But what can one do? If it is removed, it can function the other way round, that is, deterring people like me who would like to dedicate their free time in retirement to pursuing educational activities as ends in themselves…at least it functions to give older persons a sense of identity, something which they, that is we, have lost due to mandatory discriminatory policies…politicians never retire…why do they condemn other persons to idle time in their old age…if they tampered even with the U3E’s status, now that we have something in our favour, I would be very angry. Roger, 75 years

The U3E follows the liberal tradition and offers courses which are not intended to lead their participants to obtain economic and other maternal benefits although. Wellattended lectures included History and Appreciation of Art , Religions of the Mediterranean , Malta’s Middle Ages : Culture Switching , Europe and the Mediterranean in the Middle Ages , The Rise of Islam in the Mediterranean , and Malta Under British Rule. The tutors are non-U3E members and are either full-time or part-time university lecturers. They are engaged by the University and are paid

university rates. The dominant pedagogical style used in U3E lectures is didactic in format without allowing any possibility for any free discussion on the subject.

Discussion

Undoubtedly, the U3E serves as a major catalyst for the enhancement of the quality of its members’ lives. My fieldwork experience indicated that the U3E injects a sense of creativity, aids lonely older persons to resocialise themselves in society, develops amongst learners a lofty and progressive delight of life, and increases the level of social solidarity and integration between older persons.

When investigating the major forces responsible for motivating older persons to enrol in the U3E, current members highlighted a combination of cognitive and social reasons. Experiencing an ample volume of leisure time, older persons may feel that they have nothing to lose by joining the institution. Yet, it is also clear this is not the whole picture regarding U3E participation. Indeed, a critical study of older educational practice must move beyond the conviction that older persons’ decision to join up is solely influenced by rational factors, since one cannot negate the immense symbolic significance that arises from obtaining membership in clubs and organisations. If rational factors were the only reasons why older persons sought membership in the U3E, then the learning body would have been characterised by a high level of heterogeneity. Even though there were no official requirements for enrolment, except having surpassed one’s sixtieth birthday, fieldwork data detected that the typical U3E member holds a middle class position and dispositions.

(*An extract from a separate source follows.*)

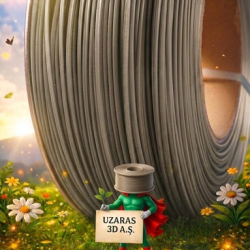  Uzaras 1.75 mm Yeni PET-G Filament Vison Rengi 1000GR 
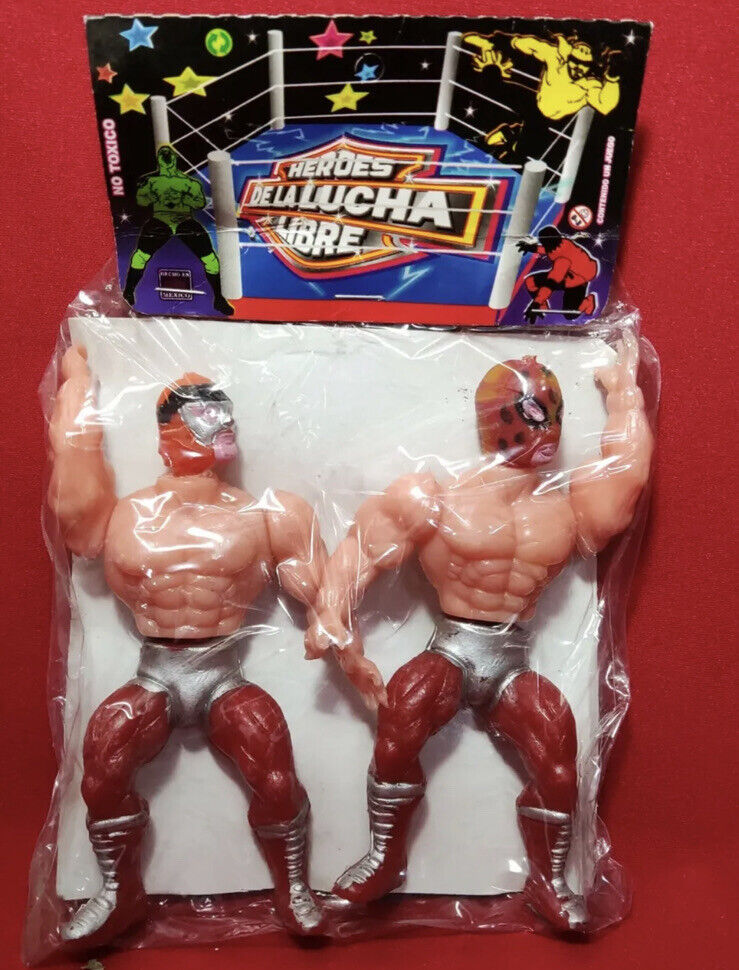 Heroes de la Lucha Libre Bootleg/Knockoff 2-Pack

 First, members’ life-course projection equipped them with a high level of cultural and social capital but moderate economic capital when compared to lower and upper class older persons.

 Secondly, many perceived themselves to be relatively better educated and ‘cultured’ when compared to the rest of the elderly population, and consequently, utilized the pronoun “we” to refer to the U3E learning body in a consistent manner.

The middle-classness of typical U3E members was also evident by their continuous pursuit of aristocratic qualities, expressive lifestyles, an eagerness to instruct themselves in the bourgeois ethos of freedom, as well as a close affinity with traditional intellectuals (since the latter were perceived as members of the dominant class). They also held a conventionalist and traditionalist attitude towards leisure, dress, politics, values, humanist studies, and linguistic usage; and demonstrated a dominant preference for expressive learning a ‘taste for pretension’ that is detached from the mundane necessities of everyday life. The high level of homogeneity amongst the U3E’s learning body, leads invariably to the logical deduction that membership proceeds from other irrational factors rather than from a conscious deliberation to enrol oneself in an organisation that provides educational, cultural and social activities. In fact, U3E members inhabited a culture of reflexivity (compared to a culture of necessity experienced by their working-class peers) so that they interpreted the social environment in scholastic and academic ways. This culture of reflexivity arose from two major factors. First, their relatively high levels of cultural capital inclined them with the ability to manipulate their ideas to their advantage.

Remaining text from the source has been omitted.